Pianist Jonathan Biss tempered a highly emotional performance with a quiet and introverted stage presence, directing all his energies to the keyboard with no superfluous asides.

He is touring “Schumann: Under the Influence,” a project three years in the making that examines the works and influence of Robert Schumann, as well as that of his predecessors. Biss champions Schumann, advocating that he was a progressive artistic presence whose mental struggles historically overshadowed his compositional output.

Friday night’s concert at the Folly Theater, presented by Friends of Chamber Music, featured the second solo piano recital program for this project, a wide-reaching endeavor that includes chamber ensemble collaborations. This concert also included works by Mozart and Leoš Janácek.

Biss proved himself master of the miniature. Most of the evening’s pieces, with the exception of the Mozart selections, were published as cycles or in volumes, with each of the movements ranging in length from one to five minutes. Yet each portion had its own distinct sound world, and was succinctly if sometimes turbulently emotive.
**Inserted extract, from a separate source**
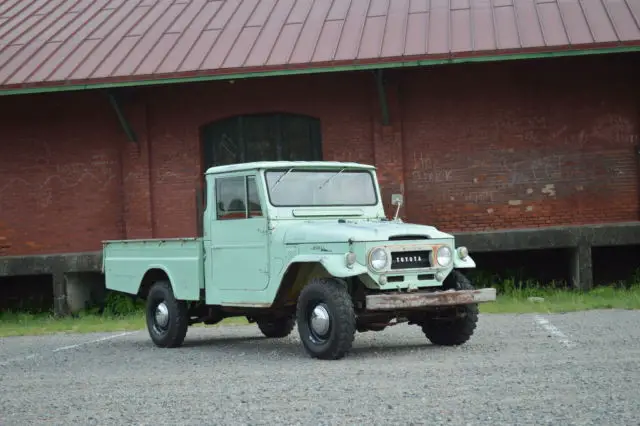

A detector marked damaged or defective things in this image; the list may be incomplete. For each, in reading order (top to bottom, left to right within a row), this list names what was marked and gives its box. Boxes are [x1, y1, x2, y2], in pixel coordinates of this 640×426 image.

rusty bumper [364, 288, 496, 312] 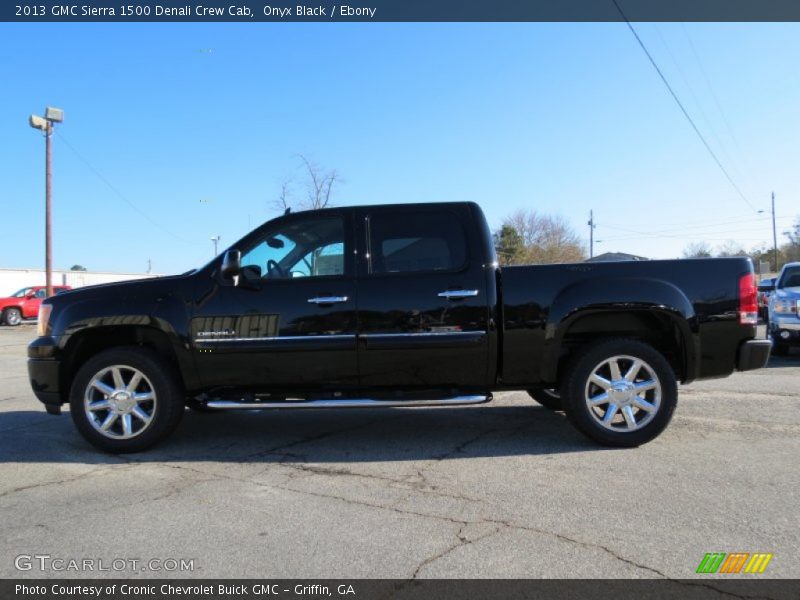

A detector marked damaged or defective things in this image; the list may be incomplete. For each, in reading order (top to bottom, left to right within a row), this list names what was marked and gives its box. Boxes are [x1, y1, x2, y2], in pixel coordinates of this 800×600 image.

cracked asphalt [0, 326, 796, 580]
The first half of the program combined Schumann’s “Fantasiestücke, op. 12” with selections from Janácek’s “On an Overgrown Path.”
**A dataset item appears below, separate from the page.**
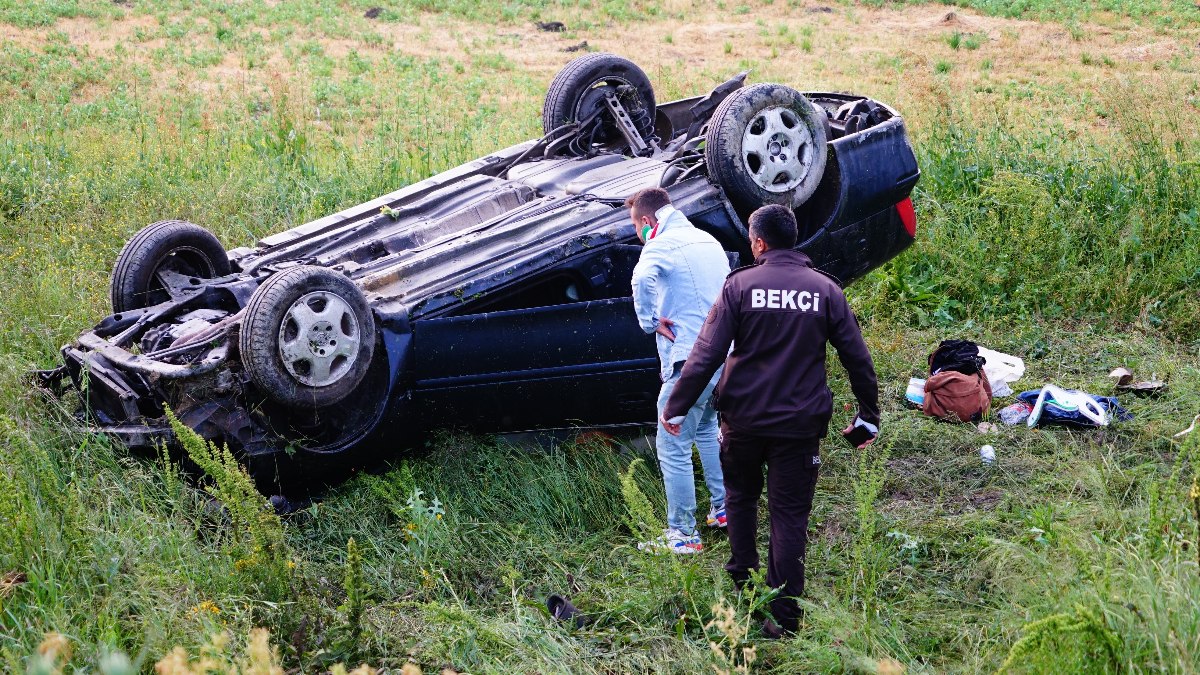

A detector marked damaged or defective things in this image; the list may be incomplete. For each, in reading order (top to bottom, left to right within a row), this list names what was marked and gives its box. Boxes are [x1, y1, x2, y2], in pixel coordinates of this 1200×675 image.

overturned black car [39, 54, 920, 492]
The individual movements for both works are programmatically titled and Biss juxtaposed these sections, coupling similar thematic concepts, such as Schumann’s transparent and evocative “Des Abends” and Janácek’s “Our Evening,” with a wafting melody which briefly shifts to pounding, brambly chords, or comparing the delicate, insistent rhythms of “Warum?” to the stuttering, descending lines of “A Blown-Away Leaf.”
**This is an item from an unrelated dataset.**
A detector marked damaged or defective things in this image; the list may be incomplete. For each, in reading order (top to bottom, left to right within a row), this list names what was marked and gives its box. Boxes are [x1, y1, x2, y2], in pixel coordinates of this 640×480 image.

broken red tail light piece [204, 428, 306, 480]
This was an inventive presentation, adding dimension to both pieces’ context, composed a lifetime apart.

The second half of the program opened with two small-scale piano selections from Mozart. Minuet in D major, K.355 was a lighter, short piece, but the Adagio in b minor, K.540 was a strenuous work, written in a darker time in Mozart’s life. Biss played it with expressive empathy, molding space around each emotional shift, with an almost languorous, yielding approach.

He ended the concert with “Davidsbündlertänze, op. 6,” arguably one of Schumann’s masterworks and a fine example of both his compositional vision and mercurial emotional range. It was written not only as a musical manifesto, but also as a romantic gesture to woo Clara Wieck, his future wife.

The work is less formally structured, based loosely on dance forms. Thematic motives ranged wildly through the piece and turned from vicious to pensive, lively to impatient, requiring Biss to channel multiple personalities. He paused minimally between the movements for a thrilling rendition, gently addressing the final closing tones, somberly genuine.